Unfortunately, I think that is just because the Leap is fitting fairly sparse observed data to a more detailed skeletal model. Perhaps referencing things to the hand basis will make things easier? For example, here's an except from a Java Processing script that changes the joint positions into the hand frame of reference and then draws an ellipse at each finger joint (everything but the ellipse drawing is part of the Leap API):
Frame frame = controller.frame();
Hand hand = frame.hands().get(0);
currentHand = hand;
Matrix handTransform = hand.basis();
handTransform.setOrigin(hand.palmPosition());
handTransform = handTransform.rigidInverse();
for(Finger finger : hand.fingers()){
for(Bone.Type boneType : Bone.Type.values()) {
Bone bone = finger.bone(boneType);
Vector transformed = handTransform.transformPoint(bone.prevJoint());
Vector normalized = normalize(transformed);
ellipse(normalized.getX(), normalized.getZ(),5,5);
if(boneType == Bone.Type.TYPE_DISTAL){ //get tip of distal phalanx
Vector transformedN = handTransform.transformPoint(bone.nextJoint());
Vector normalizedN = normalize(transformedN);
ellipse(normalizedN.getX(), normalizedN.getZ(),5,5);
}
}
}
This isolates the movement of fingers from the hand. You still get some movement from other fingers, but I think should be easier to find the minimum motion you can reliably detect as intentional.

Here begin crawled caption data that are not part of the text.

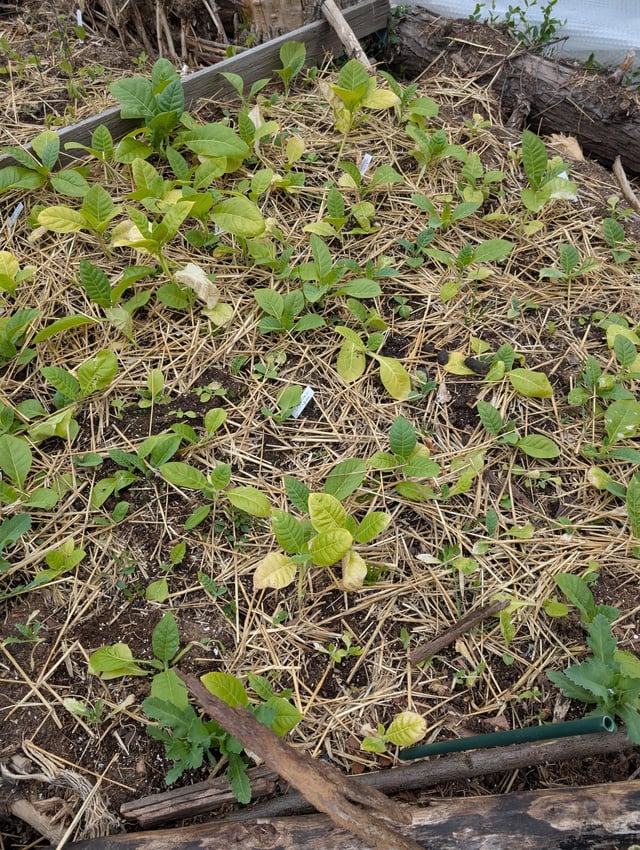 one-of-the-beds-tucked-in-to-grow-v0-lho303ydkv2f1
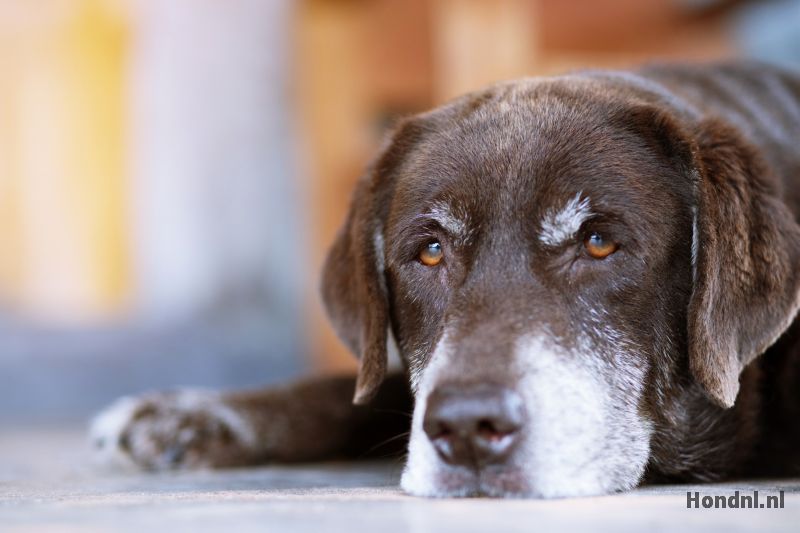 Oude hond slecht ter been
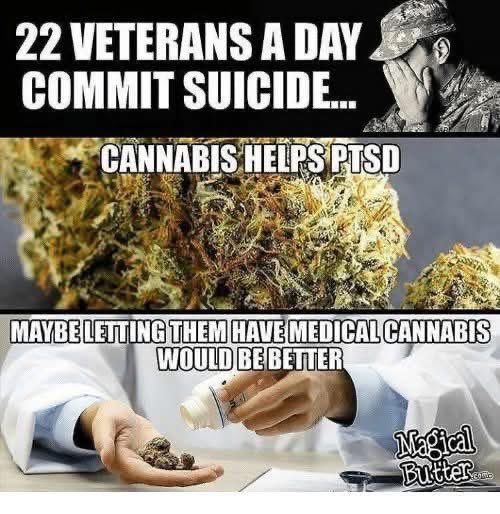 We should do all we can for our Veterans!  #Cannabis #LegalizeIt #CannabisCommunity #Mmemberville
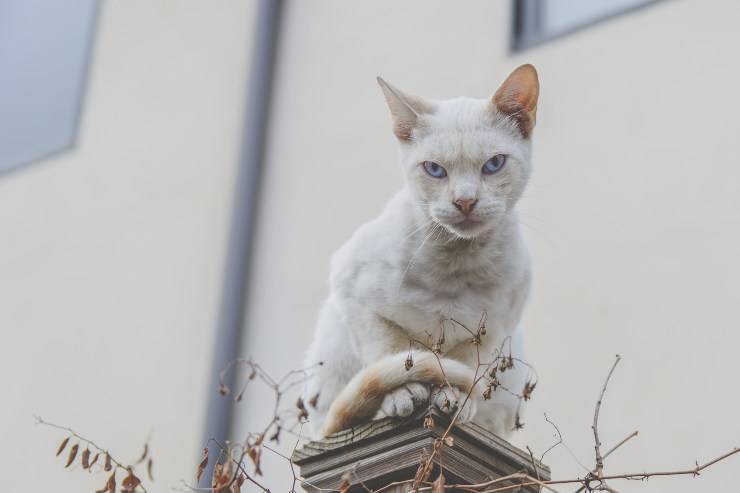 Gatitos que aman las alturas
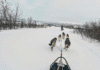 What It’s Like to Mush Your Own Dog Team Through
Alaska
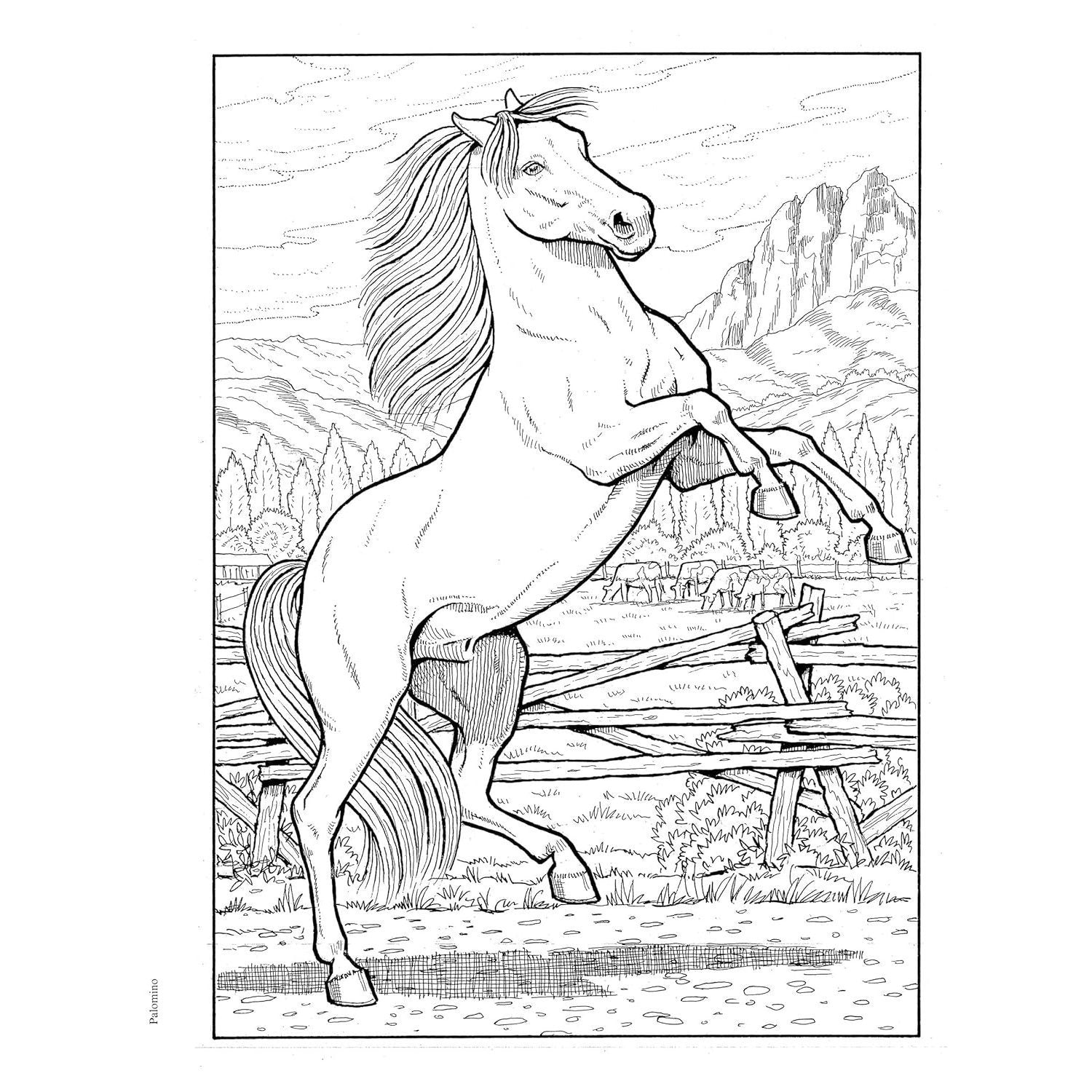 Creative Haven Great Horses Coloring Book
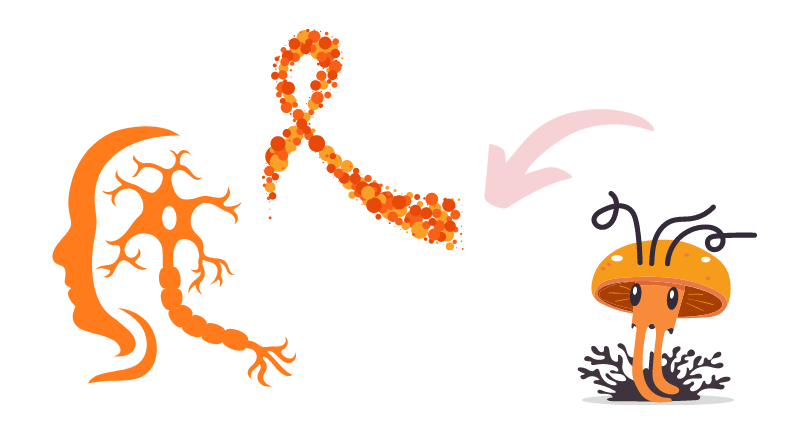 UNDERSTANDING CORDYCEPS MILITARIS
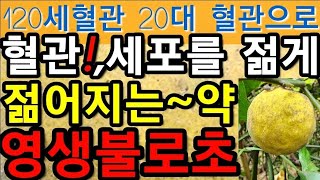 120세~혈관을,20대~혈관으로,만드는~약!,혈관!,세포를,젊게,먹을수록,늙지않는~열매!                            탱자,지실,지각,@WellbeingTV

On another level, though, even if the Leap detection was flawless, will your user's be flawless in their performance of your gestures? Even based on variability in how still people are willing to hold their hand when they tap, you will still have a "smallest" reliable tap distance that I suspect will be larger than the unwanted motion shown in your video.